To do that, they worked the stairs and vertical risers concurrently. First, they ground and primed following the same methods as on the landings. Then, they taped off all of the trip strips on the front of the stairs. This was followed by a double broadcast of flakes and the 201 resin, brushing with stiff bristle brushes, and the 301 clear sealer application. Rookey continues, "All the stair nosings had custom color black and gray non-slip strips installed two-inches by two-feet. These were areas that were taped off and installed after the main flake system had been installed. Once the stairs had been sealed with the first coat of 301, we went back and installed the anti-slip strip on the stair edges."All the landings were sanded with floor buffers, while the stairs had to be sanded by hand with 36-grit black sandpaper on palm sanders.

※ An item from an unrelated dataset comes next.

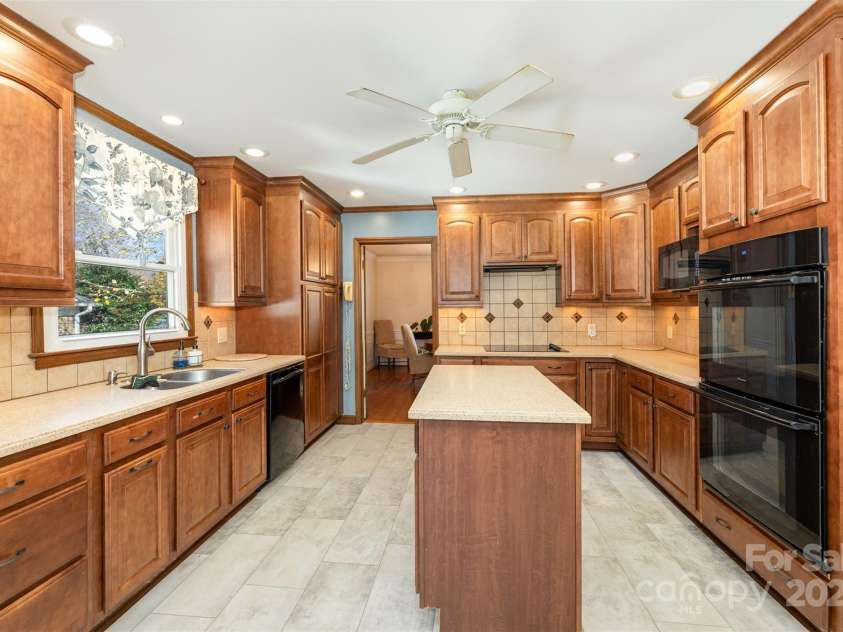 300 Gloucestershire Road, Winston Salem, NC 27104.  MLS# CAR4321606, YatesRealty ID 2344. Main Kitchen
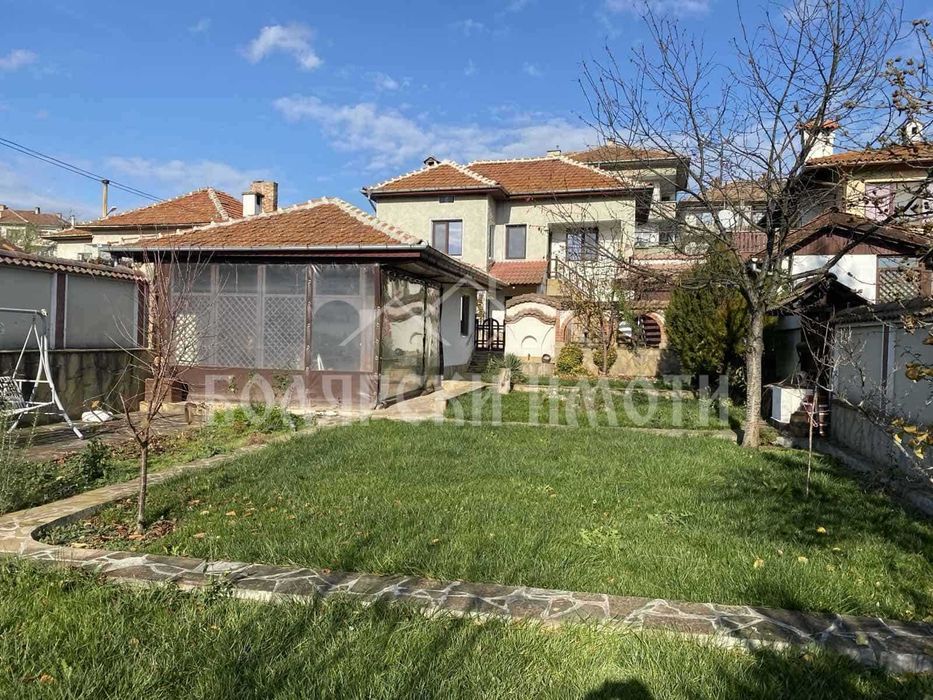 Прекрасна двуетажна къща с двор в град Дебелец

Once the dust had been vacuumed, working from the top down, all of the stairs and landings were given a final flood coat seal of 301 at a thickness of eight to 10 mils. The elevator lobbies were the final step in the process. "Each floor was color coded to differentiate between the different floors in the garage and so we created custom flake, micro-chip blends of red, yellow, green, and blue in front of each of the doors. "The crew cut the expansion and control joints using a seven-inch saw. "We cut them 1/4-inch wide and 1 1/2-inch deep and caulked them with Sikaflex 1c," says Rookey. And with the finishing of the expansion joints, the expansive new parking garage was ready for traffic. The crew from Northeast Industrial Floorings, Inc. finished both structures in spite of the fact that they were working literally under glass and under no small amount of pressure. The parking garage is now open and the community is beginning to thrive. Maybe that old cliché should be: "If you build it, Rookey and his team can coat it."